Christmas can be a fun, relaxing and emotional time for the guys. You can have friends over without retort from the old lady. You can deep fry a turkey in your boxers with the garage door open and no one cares. You can buy 6 30-packs of Bud Light and no one will even bat an eye at you. Unfortunately you can also be brought into a world of shit. A world you should never be in. I call it, “The Christmas In Hell, ZONE.” 

Here are some sure fire ways not to let your spouse, or the so called spirit of Christmas make you into Santa’s little bitch.

1. And this is the first rule for a reason. Don’t ever, ever go shopping with your wife. Nothing will end your holly jolly Christmas Spirit quicker than being tugged around Macy’s looking for baby clothes and making you smell every fucking Yankee Candle until you get a migraine so bad you want to go lie down in housewares until she finds everything she needs.

2. When at home, put on Rudolph The Reindeer and play air guitar to every song in it. When the kids start staring at you funny, tell them the original was scored by Metallica. Shotgun a beer every time The Abominable Snowman growls!

3. Instead of gift wrapping, or having them wrapped professionally for that matter. Set out your gifts in empty beer boxes under the tree. Tell them you are going green by recycling. Kill two birds with one stone.

4. Hang mistletoe all over the house so that you increase the chance of your wife giving you sex, for once.

5. If your kids try to give you a list of toys for Santa, tell them Santa isn’t coming this year because they can’t fly into your part of town. When they start to cry, tell them you know Santa personally and you will put in a good word. On Christmas morning, you will look like God to your children, in turn making your wife give you head.
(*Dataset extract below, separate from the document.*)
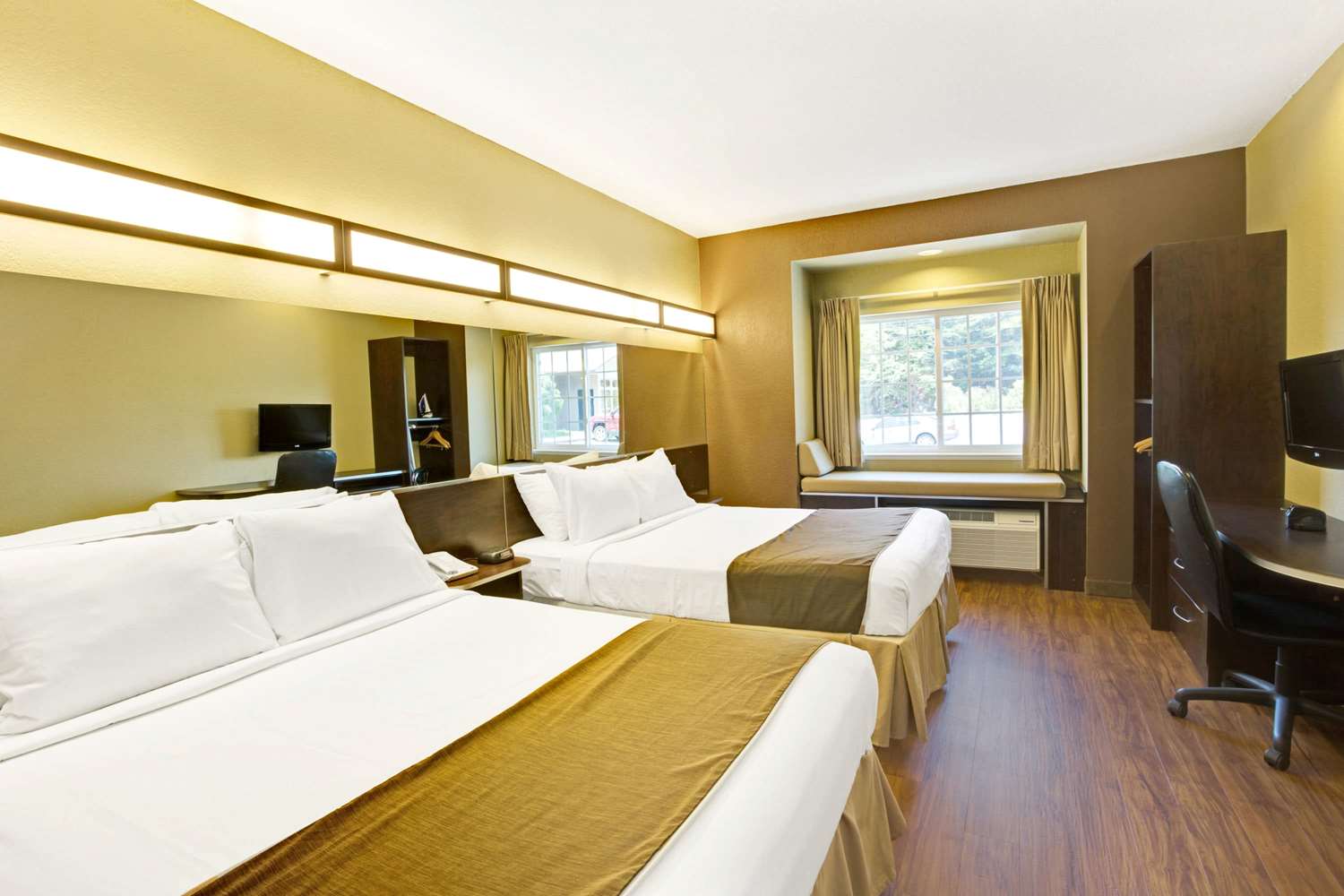 Microtel Inn Suites By Wyndham Bryson City 10/22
6. Invite all of your man friends over. Just invite them over all week before Christmas. Your wife will be gone shopping. Nuff said.

7. When you are the family’s house on Christmas day, if someone you don’t really know (i.e – your second cousins husband) asks you how you are doing or how you have been, tell them you were on a special mission from the CIA, then talk into your wrist and say,”Yah, I’m talking to him now. OK. Give me 5 minutes.” Then go hide out somewhere leaving him scared for his life.

8. Sure fire way to get a new snowmobile, ATV, or 50″ Plasma from your wife? Tell her that you love her and no one else is above her. Let her know that without her, you would be nothing.